The present invention relates to a gas-insulated switchgear used in power plants, substations and others.
There is disclosed a conventional gas-insulated switchgear including: a fixed-side main contact and a movable-side main contact that can be connected to and separated from each other; a fixed-side arcing contact that is electrically connected to the fixed-side main contact and fixedly attached to the fixed-side main contact; a movable-side arcing contact that is electrically connected to the movable-side main contact and fixedly attached to a tip end of the movable-side main contact, the movable-side arcing contact being able to be connected to and separated from the fixed-side arcing contact; and a shield for shielding an electric field, the shield being arranged outside the fixed-side main contact and the fixed-side arcing contact, all of which are disposed in a metal container filled with an insulating gas. In this gas-insulated switchgear, the shield for shielding an electric field includes: a support member electrically connected to the fixed-side main contact, the support member having one end fixedly attached to the fixed-side main contact and the other end in which a through hole is formed; an arc-resistant member disposed at the other end of the support member so as to cover a tip end portion of the fixed-side main contact, the arc-resistant member having a convex curved portion formed on a side opposite to the support member and a threaded portion formed on the same side as the support member; and a bolt passing through the through hole of the support member to threadedly engage with the threaded portion of the arc-resistant member, thereby fixing the arc-resistant member to the support member (see Patent Literature 1, for example).

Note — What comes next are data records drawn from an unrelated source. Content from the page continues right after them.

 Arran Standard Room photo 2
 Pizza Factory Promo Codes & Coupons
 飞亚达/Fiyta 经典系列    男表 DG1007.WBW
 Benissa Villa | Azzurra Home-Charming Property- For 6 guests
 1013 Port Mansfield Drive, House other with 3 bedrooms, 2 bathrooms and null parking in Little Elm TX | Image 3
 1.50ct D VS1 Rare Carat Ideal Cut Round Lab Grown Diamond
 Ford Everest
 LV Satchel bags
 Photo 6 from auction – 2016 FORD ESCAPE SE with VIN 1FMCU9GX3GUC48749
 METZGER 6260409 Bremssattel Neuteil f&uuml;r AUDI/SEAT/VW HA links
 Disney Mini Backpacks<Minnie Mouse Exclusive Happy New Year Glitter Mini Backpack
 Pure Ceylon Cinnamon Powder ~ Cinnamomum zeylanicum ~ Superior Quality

There is also disclosed a gas-insulated switchgear including a fixed-side electrode part and a movable-side electrode part disposed in a container filled with an insulating gas so that they face each other. In the gas-insulated switchgear, the fixed-side electrode part includes: a fixed-side conducting contact in the form of a cylinder; a fixed-side arcing contact disposed at a central portion of the fixed-side conducting contact, the fixed-side arcing contact generating arc during contact parting; and a fixed-side shield disposed around the fixed-side conducting contact, and the movable-side electrode part includes a movable-side contact driven by a driving unit to be connected to and separated from the fixed-side conducting contact. In this gas-insulated switchgear, the fixed-side shield includes an annular fixed-side arc shield provided on a side facing the movable-side electrode part, the fixed-side arc shield having an opening hole with a diameter larger than that of the movable-side contact. Furthermore, a plurality of permanent magnets of the same shape is embedded in a circumferential direction in the vicinity of the opening hole of the fixed-side arc shield (see Patent Literature 2, for example).

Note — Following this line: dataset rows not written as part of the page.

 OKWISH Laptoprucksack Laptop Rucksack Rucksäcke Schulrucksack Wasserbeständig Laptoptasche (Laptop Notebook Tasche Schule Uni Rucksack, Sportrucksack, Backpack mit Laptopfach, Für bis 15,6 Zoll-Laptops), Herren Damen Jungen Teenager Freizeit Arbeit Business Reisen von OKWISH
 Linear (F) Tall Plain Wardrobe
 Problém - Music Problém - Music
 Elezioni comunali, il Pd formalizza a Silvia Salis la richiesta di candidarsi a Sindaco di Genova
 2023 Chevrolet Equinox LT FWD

The above conventional technique disclosed in Patent Literature 1 includes the arc-resistant member disposed at the other end of the support member so as to cover the tip end portion of the fixed-side main contact, with the convex curved portion formed on the side opposite the support member. This easily attaches an arc to the entire arc-resistant member and possibly attaches the arc to the metal container and causes a problem to increase the outer diameter of the arc-resistant member.

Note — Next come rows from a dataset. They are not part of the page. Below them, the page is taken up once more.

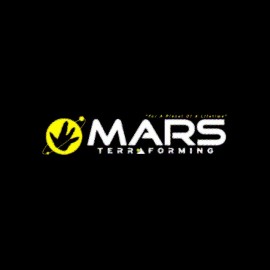 tee shirt mars terraforming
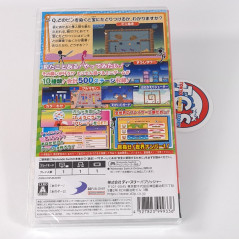 You Want "Those Games," Right? So Here You Go! 1+2 SWITCH (10Games/MultiLanguage) Japan New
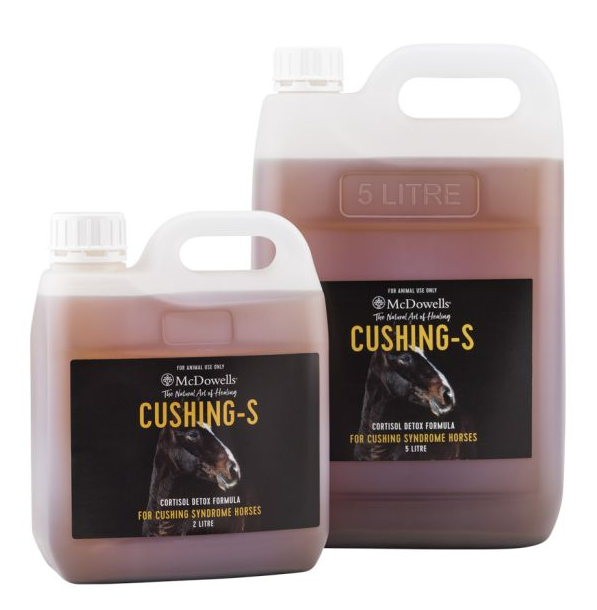 McDowells Cushings S 2ltr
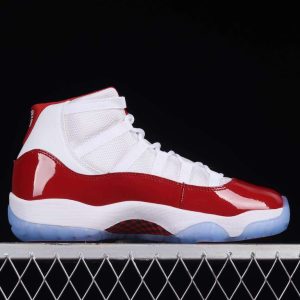 New Arrival AJ11 CT8012-116 Cherry
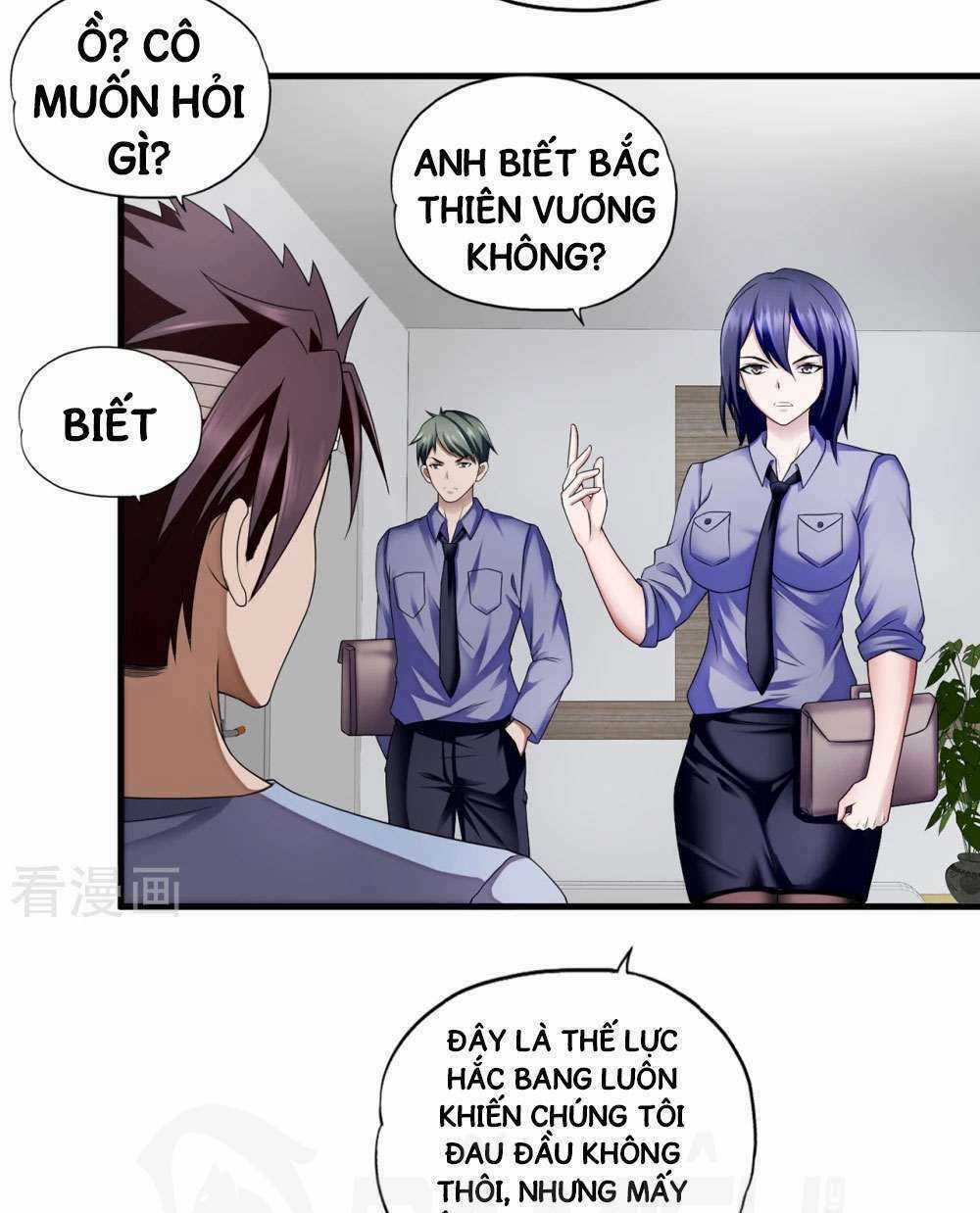 Siêu Phẩm Chiến Binh Chapter 29.2 trang 4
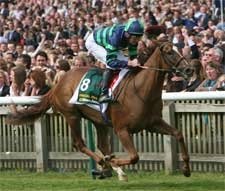 Finsceal Beo Grabs One Thousand Guineas Glory Finsceal Beo Grabs One Thousand Guineas Glory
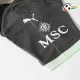 AC Milan Camisa Futebol Alternativa Terceiro Kit 2024/25 Versão Jogador Preto AC Milan Camisa Futebol Alternativa Terceiro Kit 2024/25 Versão Jogador Preto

The above conventional technique disclosed in Patent Literature 2 also has the problem that the gas-insulated switchgear requires an expensive arc-resistant member having a large outer diameter and a large wall thickness.
The invention has been made in view of the aforementioned problems. It is an object of the invention to obtain a gas-insulated switchgear at low cost capable of preventing diffusion of an arc and capable of reducing the outer diameter of an electrode.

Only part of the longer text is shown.